Dark matter implications from the XENONnT and LZ data

TL;DR

This study explores dark matter explanations for high-energy recoil events in XENONnT and LZ data, using a unified framework to fit multiple datasets and considering velocity-dependent and inelastic interactions, with implications for future high-energy analyses.

Contribution

First combined profile-likelihood analysis of XENONnT and LZ data addressing high-energy recoil events with novel dark matter interaction models.

Findings

Velocity-dependent and inelastic dark matter interactions can explain high-energy recoil spectrum.

Significance of dark matter interpretation varies from below 1σ to 4σ depending on background assumptions.

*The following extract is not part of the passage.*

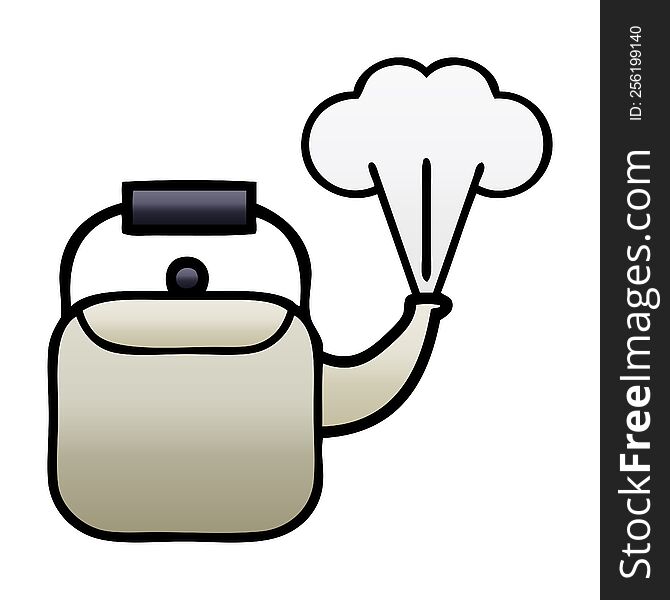 gradient shaded cartoon of a steaming kettle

Future high-energy data will be crucial for testing the dark matter hypothesis.

Abstract

We investigate a possible dark matter origin of the high-energy nuclear-recoil-like events in XENONnT and LZ data, which cannot be explained by standard elastic spin-independent WIMP scattering. Using our unified DIAMX framework, built on openly available data and likelihood models, we perform the first combined profile-likelihood fits to multiple WIMP-search datasets with a total exposure of 7.3 tonne$\times$year. We investigate that two broad classes of dark matter nucleon interactions, with velocity-dependent cross-section or inelastic (endo- and exothermic) scattering, can reproduce the observed high-energy recoil spectrum, reaching local significances up to $4\sigma$. We further quantify the impact of $^{124}$Xe double electron capture (DEC) backgrounds, finding that variations in the poorly known DEC charge yields can shift the inferred significances from below $1\sigma$ to $4\sigma$. We point out that extending the same analysis to XENONnT and LZ data with recoil energies up to 300 keV, once available, will provide a powerful test of the dark matter interpretation, since the $^{124}$Xe DEC background is expected to be negligible in this high-energy range.